# no need to tip. ever. Screw You!



## georgiahomeboy (Dec 24, 2016)

tipping now huh? after U(ber) create the most unappreciative society of people ever you ask them now to tip. Screw you!


----------



## tohunt4me (Nov 23, 2015)

georgiahomeboy said:


> tipping now huh? after U(ber) create the most unappreciative society of people ever you ask them now to tip. Screw you!


It is what it is.


----------



## Jufkii (Sep 17, 2015)

georgiahomeboy said:


> tipping now huh? after U(ber) create the most unappreciative society of people ever you ask them now to tip. Screw you!

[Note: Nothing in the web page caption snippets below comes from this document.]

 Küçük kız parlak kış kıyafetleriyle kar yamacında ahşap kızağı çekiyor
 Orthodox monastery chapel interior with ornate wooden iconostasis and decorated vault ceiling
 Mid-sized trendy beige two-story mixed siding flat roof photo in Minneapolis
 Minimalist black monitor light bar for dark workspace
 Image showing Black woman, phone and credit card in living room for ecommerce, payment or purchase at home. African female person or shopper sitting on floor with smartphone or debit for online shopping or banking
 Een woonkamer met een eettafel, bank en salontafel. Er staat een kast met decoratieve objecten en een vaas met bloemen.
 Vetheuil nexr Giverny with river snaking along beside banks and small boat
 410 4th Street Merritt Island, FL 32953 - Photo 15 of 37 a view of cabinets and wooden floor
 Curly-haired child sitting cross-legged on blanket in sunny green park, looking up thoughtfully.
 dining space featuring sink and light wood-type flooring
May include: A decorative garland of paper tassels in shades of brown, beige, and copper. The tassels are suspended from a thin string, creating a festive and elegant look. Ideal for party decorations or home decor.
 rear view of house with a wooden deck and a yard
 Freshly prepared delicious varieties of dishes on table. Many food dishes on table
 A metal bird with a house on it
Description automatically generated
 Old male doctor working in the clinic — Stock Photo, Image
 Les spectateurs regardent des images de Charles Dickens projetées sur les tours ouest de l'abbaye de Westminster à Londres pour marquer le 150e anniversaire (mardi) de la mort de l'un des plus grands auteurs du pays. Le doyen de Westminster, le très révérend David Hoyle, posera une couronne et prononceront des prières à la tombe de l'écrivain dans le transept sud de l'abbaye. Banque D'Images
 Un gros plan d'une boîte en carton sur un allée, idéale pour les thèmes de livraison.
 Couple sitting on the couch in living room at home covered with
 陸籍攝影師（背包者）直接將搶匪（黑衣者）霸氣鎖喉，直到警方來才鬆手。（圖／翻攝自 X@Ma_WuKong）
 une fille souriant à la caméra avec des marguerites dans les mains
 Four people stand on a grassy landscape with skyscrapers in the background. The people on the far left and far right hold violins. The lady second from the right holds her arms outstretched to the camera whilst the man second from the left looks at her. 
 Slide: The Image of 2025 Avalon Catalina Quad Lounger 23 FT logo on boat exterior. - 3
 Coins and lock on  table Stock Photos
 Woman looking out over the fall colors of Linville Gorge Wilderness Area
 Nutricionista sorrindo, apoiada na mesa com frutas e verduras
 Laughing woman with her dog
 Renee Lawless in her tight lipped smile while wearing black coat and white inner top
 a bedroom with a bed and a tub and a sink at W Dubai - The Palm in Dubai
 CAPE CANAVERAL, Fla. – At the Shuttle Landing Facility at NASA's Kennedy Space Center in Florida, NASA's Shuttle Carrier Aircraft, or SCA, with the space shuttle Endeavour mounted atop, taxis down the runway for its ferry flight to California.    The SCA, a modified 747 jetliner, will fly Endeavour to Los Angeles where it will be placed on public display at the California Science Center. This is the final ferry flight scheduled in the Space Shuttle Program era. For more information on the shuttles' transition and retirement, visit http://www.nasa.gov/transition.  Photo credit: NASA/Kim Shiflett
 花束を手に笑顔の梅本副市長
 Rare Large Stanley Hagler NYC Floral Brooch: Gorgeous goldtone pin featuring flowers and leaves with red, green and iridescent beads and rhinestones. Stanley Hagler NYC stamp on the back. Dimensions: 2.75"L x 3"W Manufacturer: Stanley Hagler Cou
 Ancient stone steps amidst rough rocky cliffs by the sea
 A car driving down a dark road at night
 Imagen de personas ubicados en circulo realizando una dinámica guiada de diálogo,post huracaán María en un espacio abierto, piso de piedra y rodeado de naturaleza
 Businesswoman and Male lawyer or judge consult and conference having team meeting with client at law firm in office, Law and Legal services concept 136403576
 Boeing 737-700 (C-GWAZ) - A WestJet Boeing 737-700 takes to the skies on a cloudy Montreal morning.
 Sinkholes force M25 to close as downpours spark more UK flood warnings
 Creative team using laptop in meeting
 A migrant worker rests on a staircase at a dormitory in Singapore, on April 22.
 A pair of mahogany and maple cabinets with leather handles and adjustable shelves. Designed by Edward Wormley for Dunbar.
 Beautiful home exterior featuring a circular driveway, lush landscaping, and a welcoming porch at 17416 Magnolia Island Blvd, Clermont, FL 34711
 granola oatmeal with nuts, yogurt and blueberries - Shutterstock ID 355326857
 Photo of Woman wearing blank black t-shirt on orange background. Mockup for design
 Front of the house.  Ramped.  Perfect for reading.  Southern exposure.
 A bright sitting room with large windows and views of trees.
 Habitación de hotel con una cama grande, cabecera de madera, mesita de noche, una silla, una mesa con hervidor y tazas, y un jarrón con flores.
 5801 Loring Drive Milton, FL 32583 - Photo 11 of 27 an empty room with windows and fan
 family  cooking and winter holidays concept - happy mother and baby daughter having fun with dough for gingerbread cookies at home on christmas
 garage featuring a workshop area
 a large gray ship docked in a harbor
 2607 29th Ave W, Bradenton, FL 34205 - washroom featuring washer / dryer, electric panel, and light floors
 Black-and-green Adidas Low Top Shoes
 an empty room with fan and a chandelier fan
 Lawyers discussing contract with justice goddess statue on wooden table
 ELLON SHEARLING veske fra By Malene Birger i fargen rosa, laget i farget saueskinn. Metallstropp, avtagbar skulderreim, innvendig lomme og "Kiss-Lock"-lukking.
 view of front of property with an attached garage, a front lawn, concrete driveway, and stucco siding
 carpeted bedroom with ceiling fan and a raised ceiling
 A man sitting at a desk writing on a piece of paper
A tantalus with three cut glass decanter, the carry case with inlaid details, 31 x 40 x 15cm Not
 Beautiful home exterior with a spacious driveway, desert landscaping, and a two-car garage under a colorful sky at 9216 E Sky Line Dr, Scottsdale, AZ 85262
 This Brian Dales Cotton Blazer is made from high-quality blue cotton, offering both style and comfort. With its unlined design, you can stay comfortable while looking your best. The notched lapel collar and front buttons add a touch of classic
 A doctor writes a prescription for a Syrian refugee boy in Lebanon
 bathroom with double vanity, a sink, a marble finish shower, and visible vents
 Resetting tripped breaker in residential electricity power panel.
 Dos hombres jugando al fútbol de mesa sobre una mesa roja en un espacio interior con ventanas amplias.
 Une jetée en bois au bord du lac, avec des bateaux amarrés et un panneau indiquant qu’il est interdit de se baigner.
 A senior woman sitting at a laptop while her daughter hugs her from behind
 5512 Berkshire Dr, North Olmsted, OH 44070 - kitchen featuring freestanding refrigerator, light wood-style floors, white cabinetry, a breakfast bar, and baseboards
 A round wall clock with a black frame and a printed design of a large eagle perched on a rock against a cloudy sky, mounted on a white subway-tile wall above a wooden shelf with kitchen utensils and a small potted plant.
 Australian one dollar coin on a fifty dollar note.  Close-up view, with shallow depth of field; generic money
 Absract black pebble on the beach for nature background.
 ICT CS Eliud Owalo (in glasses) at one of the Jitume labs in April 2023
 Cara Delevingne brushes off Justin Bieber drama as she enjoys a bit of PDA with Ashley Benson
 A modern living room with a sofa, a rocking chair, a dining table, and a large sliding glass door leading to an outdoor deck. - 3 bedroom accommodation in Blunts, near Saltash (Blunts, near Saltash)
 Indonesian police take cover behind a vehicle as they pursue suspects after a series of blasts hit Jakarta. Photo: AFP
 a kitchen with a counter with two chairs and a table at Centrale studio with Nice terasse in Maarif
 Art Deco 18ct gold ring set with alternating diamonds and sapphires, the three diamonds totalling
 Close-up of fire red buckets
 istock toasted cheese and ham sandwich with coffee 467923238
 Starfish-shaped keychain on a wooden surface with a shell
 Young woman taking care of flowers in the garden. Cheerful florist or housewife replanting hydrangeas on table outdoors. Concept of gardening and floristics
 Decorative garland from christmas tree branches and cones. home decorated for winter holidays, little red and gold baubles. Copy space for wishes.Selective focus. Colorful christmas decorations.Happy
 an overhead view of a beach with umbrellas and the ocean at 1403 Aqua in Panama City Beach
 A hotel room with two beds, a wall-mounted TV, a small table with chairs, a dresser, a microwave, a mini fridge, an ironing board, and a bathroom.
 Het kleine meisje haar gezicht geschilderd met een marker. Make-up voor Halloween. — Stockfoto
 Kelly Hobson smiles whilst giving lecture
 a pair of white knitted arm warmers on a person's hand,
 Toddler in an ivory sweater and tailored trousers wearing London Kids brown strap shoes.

A fellow Uber driver had that same conversation with me whom i gave a ride to this week. She was still hopeful though about the upcoming tip option. Thanked me after the ride and left no tip. Typical . No surprise really after driving enough other Uber drivers over time.


----------



## GriffBetterPtkfgs (Feb 18, 2016)

Jufkii said:


> A fellow Uber driver had that same conversation with me whom i gave a ride to this week. She was still hopeful though about the upcoming tip option. Thanked me after the ride and left no tip. Typical . No surprise really after driving enough other Uber drivers over time.


 Worst is getting drivers taking pool/line, automatic 3 star.


----------